Records to process
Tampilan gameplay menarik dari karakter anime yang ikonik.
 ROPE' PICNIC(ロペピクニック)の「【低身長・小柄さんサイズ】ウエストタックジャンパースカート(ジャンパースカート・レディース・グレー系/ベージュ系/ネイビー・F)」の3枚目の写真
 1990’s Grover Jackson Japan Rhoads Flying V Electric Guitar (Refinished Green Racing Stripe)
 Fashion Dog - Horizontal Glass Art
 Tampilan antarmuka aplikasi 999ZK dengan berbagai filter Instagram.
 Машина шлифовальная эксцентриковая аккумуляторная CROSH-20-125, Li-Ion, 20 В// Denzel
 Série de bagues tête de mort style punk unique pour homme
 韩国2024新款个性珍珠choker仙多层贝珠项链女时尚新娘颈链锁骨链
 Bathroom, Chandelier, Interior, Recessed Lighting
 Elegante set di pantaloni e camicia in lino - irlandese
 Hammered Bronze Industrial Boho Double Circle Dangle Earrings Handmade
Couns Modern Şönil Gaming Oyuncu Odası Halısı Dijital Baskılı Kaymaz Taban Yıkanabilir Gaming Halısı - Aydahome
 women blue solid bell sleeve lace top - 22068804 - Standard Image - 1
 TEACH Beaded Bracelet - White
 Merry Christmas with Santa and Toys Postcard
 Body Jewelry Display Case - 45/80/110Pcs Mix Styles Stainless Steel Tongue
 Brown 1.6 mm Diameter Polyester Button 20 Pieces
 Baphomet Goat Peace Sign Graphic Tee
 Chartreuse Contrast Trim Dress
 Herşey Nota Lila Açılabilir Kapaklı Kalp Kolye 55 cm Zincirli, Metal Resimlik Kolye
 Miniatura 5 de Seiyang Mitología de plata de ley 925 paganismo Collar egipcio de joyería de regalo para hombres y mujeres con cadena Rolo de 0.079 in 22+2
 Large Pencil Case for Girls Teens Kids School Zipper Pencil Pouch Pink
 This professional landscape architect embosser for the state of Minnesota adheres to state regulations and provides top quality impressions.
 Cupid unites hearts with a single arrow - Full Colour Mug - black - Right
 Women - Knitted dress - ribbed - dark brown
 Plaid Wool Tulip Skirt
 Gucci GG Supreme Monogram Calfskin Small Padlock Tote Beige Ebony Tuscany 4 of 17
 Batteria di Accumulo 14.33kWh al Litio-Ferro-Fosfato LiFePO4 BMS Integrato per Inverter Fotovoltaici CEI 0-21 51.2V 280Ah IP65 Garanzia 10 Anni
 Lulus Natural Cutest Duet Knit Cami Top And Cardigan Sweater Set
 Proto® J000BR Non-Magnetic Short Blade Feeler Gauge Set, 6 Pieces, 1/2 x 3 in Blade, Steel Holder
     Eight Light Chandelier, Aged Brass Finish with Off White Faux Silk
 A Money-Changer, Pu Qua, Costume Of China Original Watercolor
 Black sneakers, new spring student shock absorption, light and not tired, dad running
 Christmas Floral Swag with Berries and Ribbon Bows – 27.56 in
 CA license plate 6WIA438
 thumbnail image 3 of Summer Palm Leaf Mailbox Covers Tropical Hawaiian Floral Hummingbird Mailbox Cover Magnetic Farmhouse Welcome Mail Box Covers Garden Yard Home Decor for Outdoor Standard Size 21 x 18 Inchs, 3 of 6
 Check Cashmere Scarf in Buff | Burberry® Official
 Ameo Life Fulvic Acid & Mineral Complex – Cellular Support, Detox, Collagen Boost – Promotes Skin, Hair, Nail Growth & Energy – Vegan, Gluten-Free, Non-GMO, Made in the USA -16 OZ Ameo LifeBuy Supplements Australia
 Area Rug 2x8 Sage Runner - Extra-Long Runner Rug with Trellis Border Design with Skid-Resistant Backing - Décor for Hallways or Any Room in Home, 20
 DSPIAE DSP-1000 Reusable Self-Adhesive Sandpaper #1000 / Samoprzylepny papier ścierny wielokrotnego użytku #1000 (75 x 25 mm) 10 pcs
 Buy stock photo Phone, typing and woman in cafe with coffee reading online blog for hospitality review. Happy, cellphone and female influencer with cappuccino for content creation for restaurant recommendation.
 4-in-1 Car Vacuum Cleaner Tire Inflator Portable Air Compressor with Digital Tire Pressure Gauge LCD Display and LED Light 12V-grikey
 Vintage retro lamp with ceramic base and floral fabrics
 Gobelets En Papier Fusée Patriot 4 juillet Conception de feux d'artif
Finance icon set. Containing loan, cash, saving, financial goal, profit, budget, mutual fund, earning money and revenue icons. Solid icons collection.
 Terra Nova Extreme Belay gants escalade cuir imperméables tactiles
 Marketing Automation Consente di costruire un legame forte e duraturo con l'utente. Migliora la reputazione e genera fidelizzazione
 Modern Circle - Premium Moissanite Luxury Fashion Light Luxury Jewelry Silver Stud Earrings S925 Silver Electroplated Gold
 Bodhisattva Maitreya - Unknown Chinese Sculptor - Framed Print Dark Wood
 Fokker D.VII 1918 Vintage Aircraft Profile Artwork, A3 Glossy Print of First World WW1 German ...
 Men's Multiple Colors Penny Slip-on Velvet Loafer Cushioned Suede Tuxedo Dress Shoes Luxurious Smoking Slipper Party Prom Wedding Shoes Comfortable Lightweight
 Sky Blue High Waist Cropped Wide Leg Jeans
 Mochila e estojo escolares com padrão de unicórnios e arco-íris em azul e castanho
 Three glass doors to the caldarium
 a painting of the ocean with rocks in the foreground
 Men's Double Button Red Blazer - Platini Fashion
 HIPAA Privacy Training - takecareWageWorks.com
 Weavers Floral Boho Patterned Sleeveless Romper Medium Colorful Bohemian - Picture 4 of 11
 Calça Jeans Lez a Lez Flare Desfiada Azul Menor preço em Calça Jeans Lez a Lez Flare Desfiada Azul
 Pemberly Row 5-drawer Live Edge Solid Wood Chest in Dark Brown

Problem description
Please write out all of the records above, character for character.

Answer to this exercise
Tampilan gameplay menarik dari karakter anime yang ikonik.
 ROPE' PICNIC(ロペピクニック)の「【低身長・小柄さんサイズ】ウエストタックジャンパースカート(ジャンパースカート・レディース・グレー系/ベージュ系/ネイビー・F)」の3枚目の写真
 1990’s Grover Jackson Japan Rhoads Flying V Electric Guitar (Refinished Green Racing Stripe)
 Fashion Dog - Horizontal Glass Art
 Tampilan antarmuka aplikasi 999ZK dengan berbagai filter Instagram.
 Машина шлифовальная эксцентриковая аккумуляторная CROSH-20-125, Li-Ion, 20 В// Denzel
 Série de bagues tête de mort style punk unique pour homme
 韩国2024新款个性珍珠choker仙多层贝珠项链女时尚新娘颈链锁骨链
 Bathroom, Chandelier, Interior, Recessed Lighting
 Elegante set di pantaloni e camicia in lino - irlandese
 Hammered Bronze Industrial Boho Double Circle Dangle Earrings Handmade
Couns Modern Şönil Gaming Oyuncu Odası Halısı Dijital Baskılı Kaymaz Taban Yıkanabilir Gaming Halısı - Aydahome
 women blue solid bell sleeve lace top - 22068804 - Standard Image - 1
 TEACH Beaded Bracelet - White
 Merry Christmas with Santa and Toys Postcard
 Body Jewelry Display Case - 45/80/110Pcs Mix Styles Stainless Steel Tongue
 Brown 1.6 mm Diameter Polyester Button 20 Pieces
 Baphomet Goat Peace Sign Graphic Tee
 Chartreuse Contrast Trim Dress
 Herşey Nota Lila Açılabilir Kapaklı Kalp Kolye 55 cm Zincirli, Metal Resimlik Kolye
 Miniatura 5 de Seiyang Mitología de plata de ley 925 paganismo Collar egipcio de joyería de regalo para hombres y mujeres con cadena Rolo de 0.079 in 22+2
 Large Pencil Case for Girls Teens Kids School Zipper Pencil Pouch Pink
 This professional landscape architect embosser for the state of Minnesota adheres to state regulations and provides top quality impressions.
 Cupid unites hearts with a single arrow - Full Colour Mug - black - Right
 Women - Knitted dress - ribbed - dark brown
 Plaid Wool Tulip Skirt
 Gucci GG Supreme Monogram Calfskin Small Padlock Tote Beige Ebony Tuscany 4 of 17
 Batteria di Accumulo 14.33kWh al Litio-Ferro-Fosfato LiFePO4 BMS Integrato per Inverter Fotovoltaici CEI 0-21 51.2V 280Ah IP65 Garanzia 10 Anni
 Lulus Natural Cutest Duet Knit Cami Top And Cardigan Sweater Set
 Proto® J000BR Non-Magnetic Short Blade Feeler Gauge Set, 6 Pieces, 1/2 x 3 in Blade, Steel Holder
     Eight Light Chandelier, Aged Brass Finish with Off White Faux Silk
 A Money-Changer, Pu Qua, Costume Of China Original Watercolor
 Black sneakers, new spring student shock absorption, light and not tired, dad running
 Christmas Floral Swag with Berries and Ribbon Bows – 27.56 in
 CA license plate 6WIA438
 thumbnail image 3 of Summer Palm Leaf Mailbox Covers Tropical Hawaiian Floral Hummingbird Mailbox Cover Magnetic Farmhouse Welcome Mail Box Covers Garden Yard Home Decor for Outdoor Standard Size 21 x 18 Inchs, 3 of 6
 Check Cashmere Scarf in Buff | Burberry® Official
 Ameo Life Fulvic Acid & Mineral Complex – Cellular Support, Detox, Collagen Boost – Promotes Skin, Hair, Nail Growth & Energy – Vegan, Gluten-Free, Non-GMO, Made in the USA -16 OZ Ameo LifeBuy Supplements Australia
 Area Rug 2x8 Sage Runner - Extra-Long Runner Rug with Trellis Border Design with Skid-Resistant Backing - Décor for Hallways or Any Room in Home, 20
 DSPIAE DSP-1000 Reusable Self-Adhesive Sandpaper #1000 / Samoprzylepny papier ścierny wielokrotnego użytku #1000 (75 x 25 mm) 10 pcs
 Buy stock photo Phone, typing and woman in cafe with coffee reading online blog for hospitality review. Happy, cellphone and female influencer with cappuccino for content creation for restaurant recommendation.
 4-in-1 Car Vacuum Cleaner Tire Inflator Portable Air Compressor with Digital Tire Pressure Gauge LCD Display and LED Light 12V-grikey
 Vintage retro lamp with ceramic base and floral fabrics
 Gobelets En Papier Fusée Patriot 4 juillet Conception de feux d'artif
Finance icon set. Containing loan, cash, saving, financial goal, profit, budget, mutual fund, earning money and revenue icons. Solid icons collection.
 Terra Nova Extreme Belay gants escalade cuir imperméables tactiles
 Marketing Automation Consente di costruire un legame forte e duraturo con l'utente. Migliora la reputazione e genera fidelizzazione
 Modern Circle - Premium Moissanite Luxury Fashion Light Luxury Jewelry Silver Stud Earrings S925 Silver Electroplated Gold
 Bodhisattva Maitreya - Unknown Chinese Sculptor - Framed Print Dark Wood
 Fokker D.VII 1918 Vintage Aircraft Profile Artwork, A3 Glossy Print of First World WW1 German ...
 Men's Multiple Colors Penny Slip-on Velvet Loafer Cushioned Suede Tuxedo Dress Shoes Luxurious Smoking Slipper Party Prom Wedding Shoes Comfortable Lightweight
 Sky Blue High Waist Cropped Wide Leg Jeans
 Mochila e estojo escolares com padrão de unicórnios e arco-íris em azul e castanho
 Three glass doors to the caldarium
 a painting of the ocean with rocks in the foreground
 Men's Double Button Red Blazer - Platini Fashion
 HIPAA Privacy Training - takecareWageWorks.com
 Weavers Floral Boho Patterned Sleeveless Romper Medium Colorful Bohemian - Picture 4 of 11
 Calça Jeans Lez a Lez Flare Desfiada Azul Menor preço em Calça Jeans Lez a Lez Flare Desfiada Azul
 Pemberly Row 5-drawer Live Edge Solid Wood Chest in Dark Brown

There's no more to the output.